Daily life 6 min
Plastics serve up a little innovation
Have you ever taken a really close look at your kitchen? Go ahead; open the cupboards, the fridge and even the oven. Are not you surprised by the number of plastic items that you own? Dishes, utensils, bakeware, cookware, storage boxes...and that's not all, take a closer look and you'll notice that plastics have also made themselves at home on the floor and all the way up to the ceiling: furniture, fixtures and flooring.
Plastics serve up a little innovation
Plastics serve up a little innovation

Plastics bring joy to the kitchen

Plastics bring a little colour to the table

It's the undisputed star of the 1950s! Melamine, better known by its commercial name of Formica, made a splash in post-War kitchens. What are the reasons behind this success story? Colours, resistance to heat and chemical attack, to light, and especially the resin's ease of maintenance. It was found to be both high-tech and revolutionary. It ushered in the early days of a design trend that brought bright colours into the kitchen. For the record, melamine was invented in 1930 but was deemed to be a lost cause. It would be a good twenty years before it would conquer the hearts and minds of people the world over.

Formica gets emulated...

Indeed, although Formica is one of the most spectacular applications of the family of thermosetting amino resins, it is very far from being the only one... This material is easily moldable at relatively low temperatures. Due to Formica's success, the 1960s saw many other manufacturers adopting the material, contorting it into any and all forms imaginable and updating a number of utensils such as the ladle, which had up until then been made of wood and metal. As for the campers of the time, few might have known that their plates, their cutlery and their plastic cups, which were so practical and so light...were in fact made from the same material as their kitchen tables.

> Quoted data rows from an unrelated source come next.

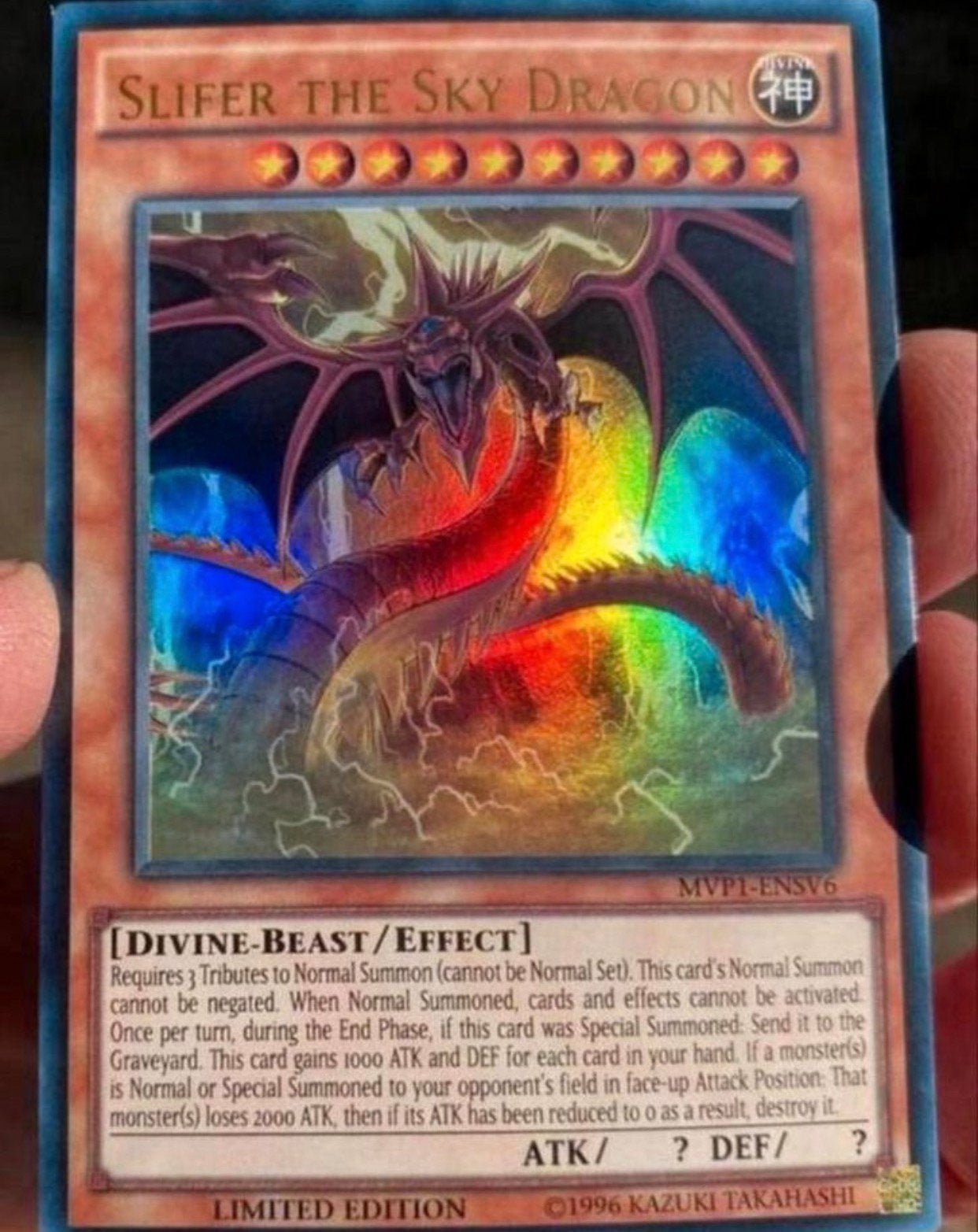 Yu-Gi-Oh! Slifer the Sky Dragon MVP1 Limited Edition !, Ophalen of Verzenden, Zo goed als nieuw, Losse kaart, Foil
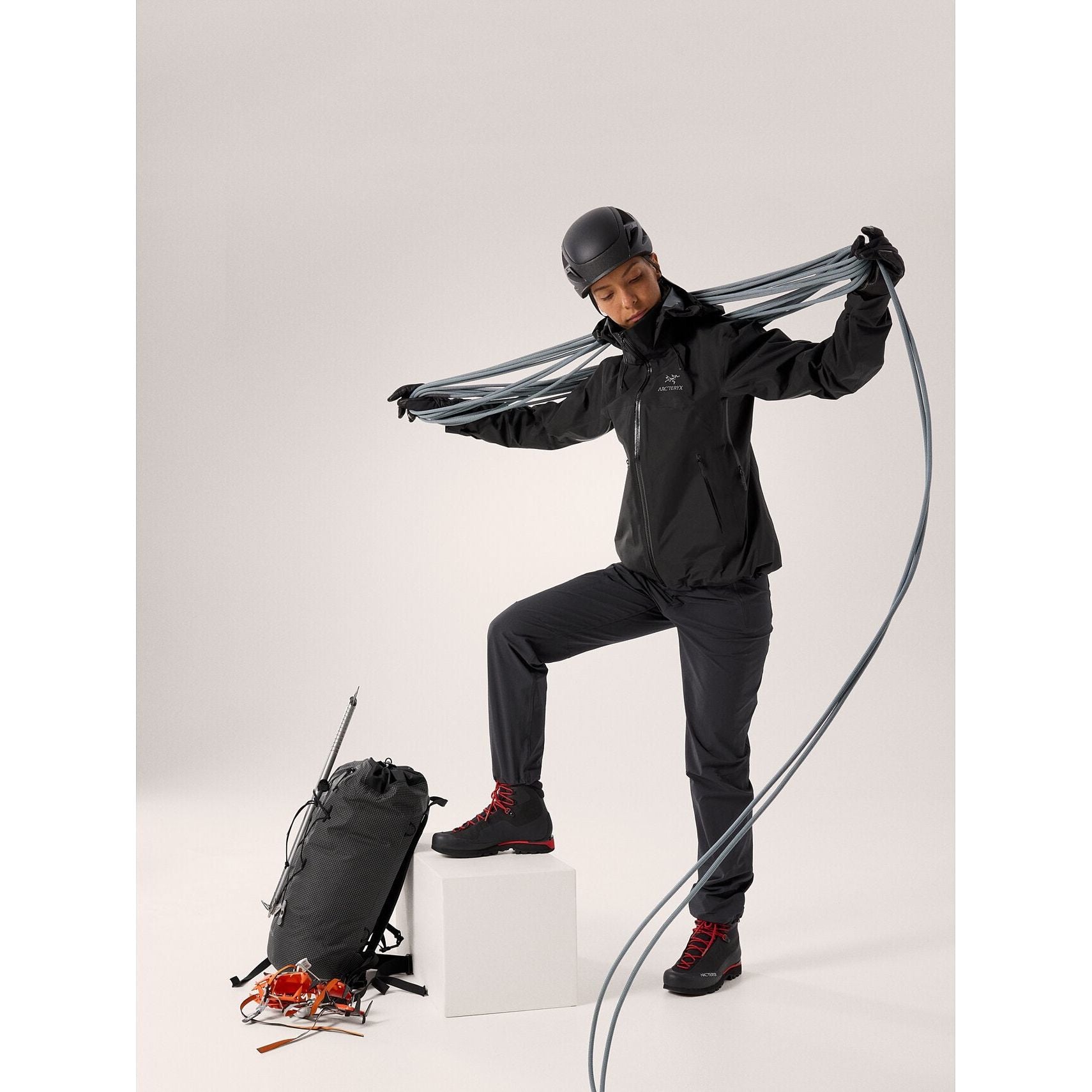 Arc'teryx Women's Beta AR Waterproof Hiking Jacket - Lightweight Rain Shell for Outdoor Adventures, Camping & Travel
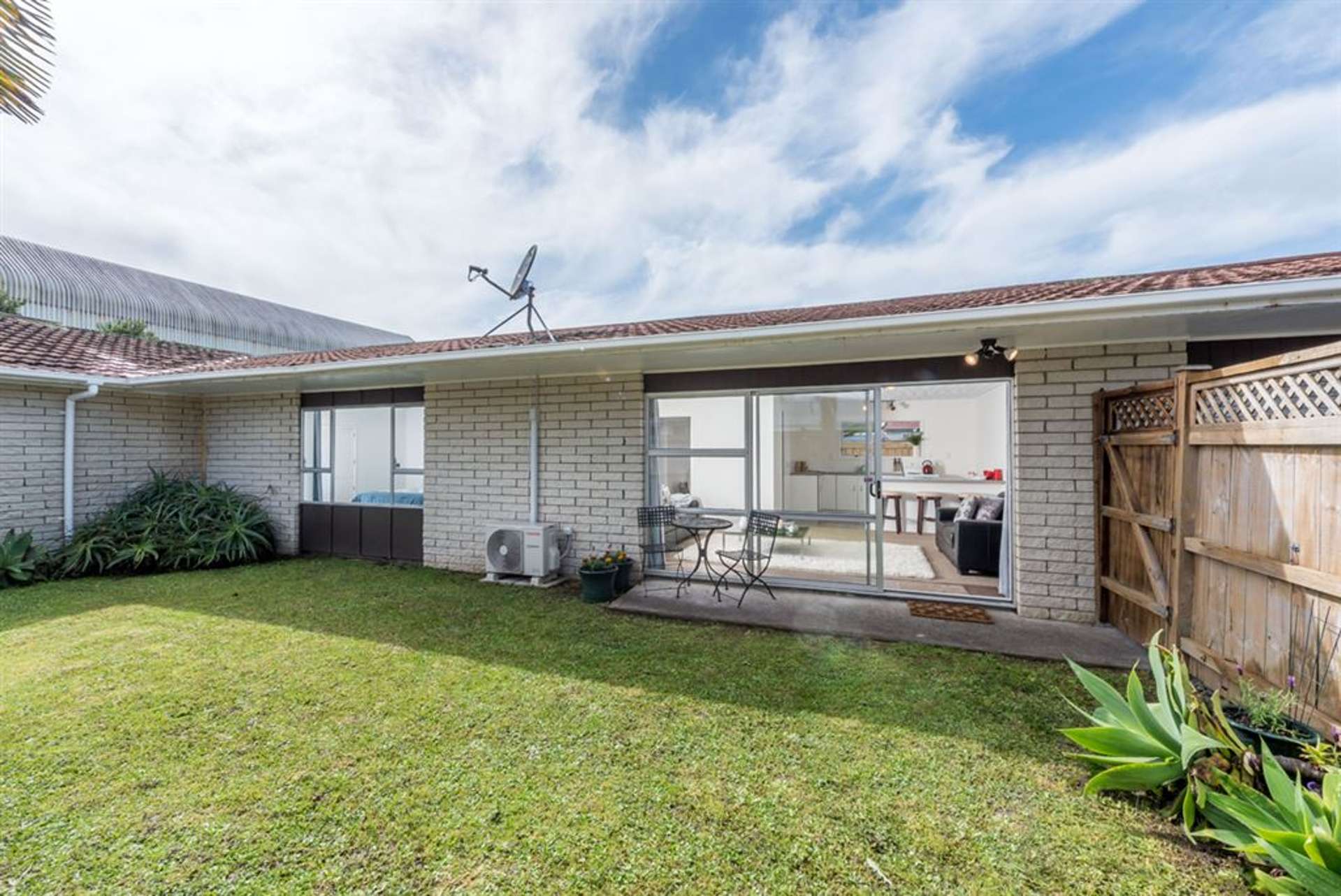 2/29 Garelja Road Henderson_0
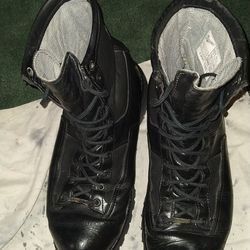 Men's Gore-Tex Boots SIZE (12)  Military/ Law Enforcement 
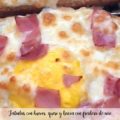 Tostadas con huevos, queso y bacon con freidora de aire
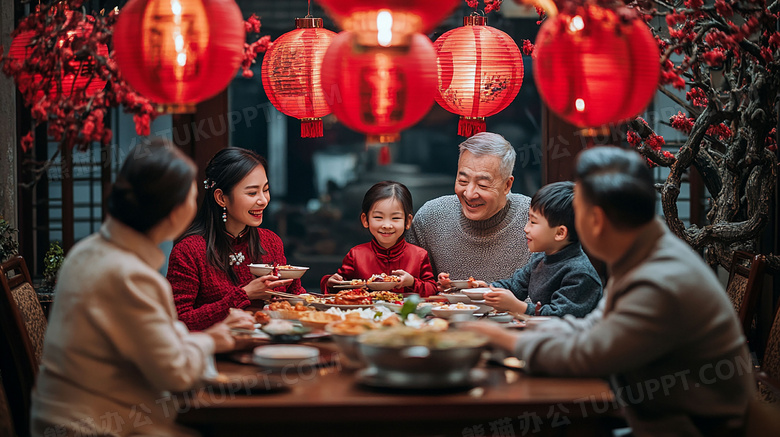 中国农历新年一家人吃年夜饭图片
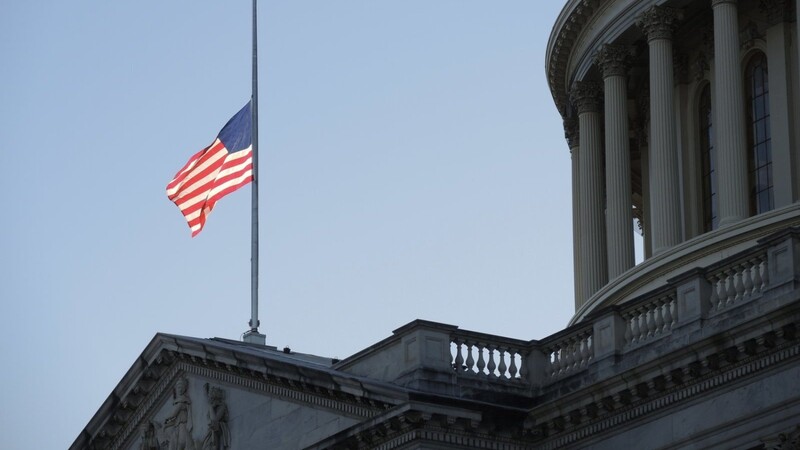 Die US-Flagge am Kapitol weht auf halbmast. Die Spaltung, die eine Politik der demokratischen Verwüstung in den vergangenen vier Jahren im Land angerichtet hat, ist dramatischer als alles andere, was die USA in vielen Jahrzehnten erlebt haben.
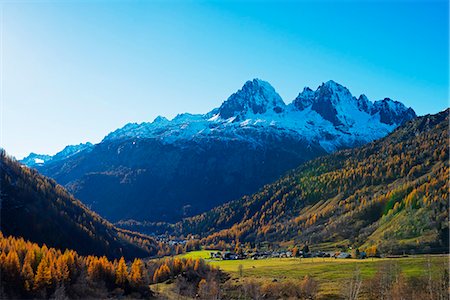 Europe, France, Haute Savoie, Rhone Alps, Chamonix,  Le Tour, autumn landscape below Aiguilles Rouges Stockbilder - Lizenzpflichtiges, Bildnummer: 862-08090234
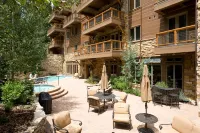 Timbers & Lone Eagle by Vail Resorts - Pools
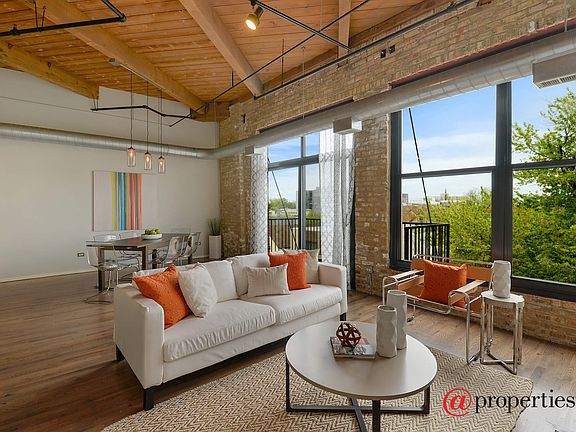 Living Room/Dining Room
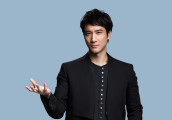 他是华裔歌手中最爱国的男歌手, 也是最有实力的华裔男歌手, 总会第一时间伸出援助之手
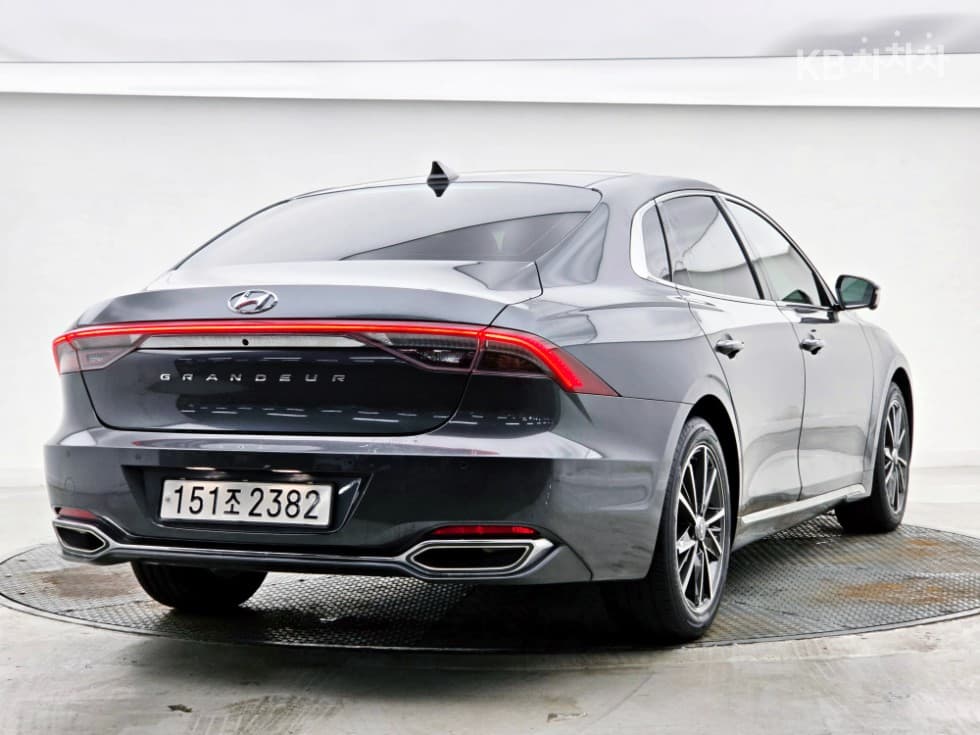 Хюндай The New (фейслифт) Grandeur (Azera)2.5 Le Blanc - 2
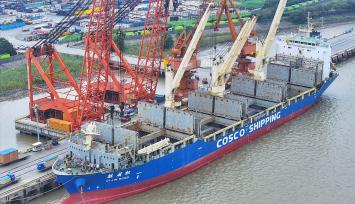 江苏张家港：货轮泊位有序装载货物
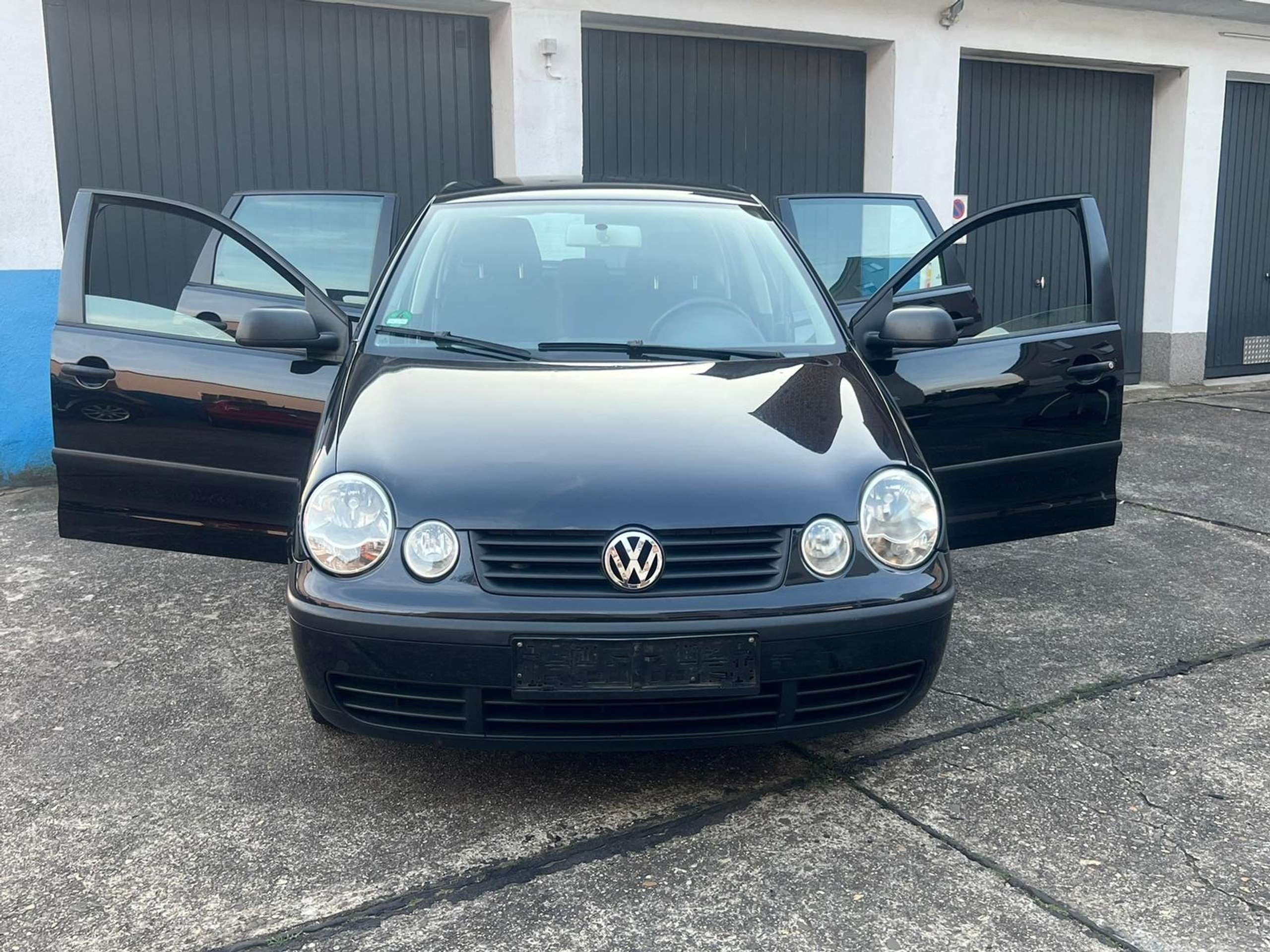 Volkswagen - Polo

...and then gives way to new polymers

Thirty years of unfailing success isn't bad going for a material. In the early 1980s, Formica was increasingly considered to be outdated...too reminiscent of the 50s! It was granted a slight resurgence in the 1970s, adorning itself with new decorations in the form of varnished plastic adhesives but it was not enough. The fashion of the time was for homemaking; interiors were gentrified and kitchens followed suit. They became increasingly functional and were beautified, turning them into warm and welcoming spaces. They became central to the lives of families who were proud to receive their guests in their kitchen. This change of lifestyle was largely accompanied by the use of new polymers.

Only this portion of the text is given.